En nuestro entorno de país desarrollado (a pesar de la crisis que atravesamos estamos a mucha distancia de países como India o Guinea) encontramos, sin embargo, una muerte más terrible, más injusta: la muerte de los inocentes, de los débiles, de los indefensos, que están a punto de ver la luz del sol. En este clima de “progreso”, de “tecnología” genética, nos permitimos jugar a la guerra, elegir si esta persona humana, este embrión, sigue adelante o no. Podemos echar en cara a los gobernantes que organizan la seguridad nacional e internacional, casi como un juego de risk: tácticas económicas, acuerdos militares y lucha de intereses. Pero hay otros gobernantes que con su pequeño tablero de ajedrez, llamado eufemísticamente clínicas IVE (interrupción voluntaria del embarazo), en los que pesa mucho más el puro interés económico que el más básico sentido médico y ético (la constatación es de un médico y trabajador de estos establecimientos).

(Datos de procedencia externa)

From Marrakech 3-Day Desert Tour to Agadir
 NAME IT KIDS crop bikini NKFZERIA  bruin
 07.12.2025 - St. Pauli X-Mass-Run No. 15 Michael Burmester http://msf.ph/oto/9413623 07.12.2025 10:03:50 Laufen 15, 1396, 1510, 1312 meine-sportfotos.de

Celebramos este sábado próximo el Día Internacional de la vida. No es un recriminar a quienes promueven el aborto, y los pasos previos (vanalización del sexo, generalización de la píldora del día después, el preservativo...). No se trata de denunciar a unos criminales y echarles en cara su crimen, aunque el crimen está ahí, y nos debe hacer pensar. Se trata sobre todo de celebrar la grandeza de la vida, ese don que hemos recibido gratis, y que podemos dar gratuitamente. Festejamos el día de amor a la vida.
La vida es un derecho natural, primordial e innegociable para todo ser humano, y como tal merece ser defendido. ¿Por qué, ante un embarazo que puede resultar problemático, nadie lo duda, no buscamos una solución positiva? “Ante la gravedad del aborto, Afirmaba Mons. Rino Fisichella, anterior Presidente de la Pontificia Academia por la Vida, no se puede razonar sólo con emotividad; hay que pensar con lucidez, distinguir el bien del mal. La emotividad ayuda a crear una relación de benevolencia, pero no es suficiente.” No juguemos con los sentimientos de una madre, que si encuentra un mínimo de apoyo y ayuda optará por llevar adelante su embarazo. La elección del aborto, trasladada al problema de Libia, equivaldría a soltar varias bombas atómicas sobre Libia, acabar con todos sus habitantes, inocentes casi en su totalidad, destruir ese espacio geográfico, y pretender cerrar con un carpetazo un problema que hace aguas por todas partes.
“Los Poderes Públicos, cito el Manifiesto de la próxima manifestación en defensa de la vida–, deben ayudar a la mujer embarazada y establecer políticas activas de apoyo al nacimiento de nuevas vidas, que constituirán la mayor riqueza espiritual y material de España en el futuro”.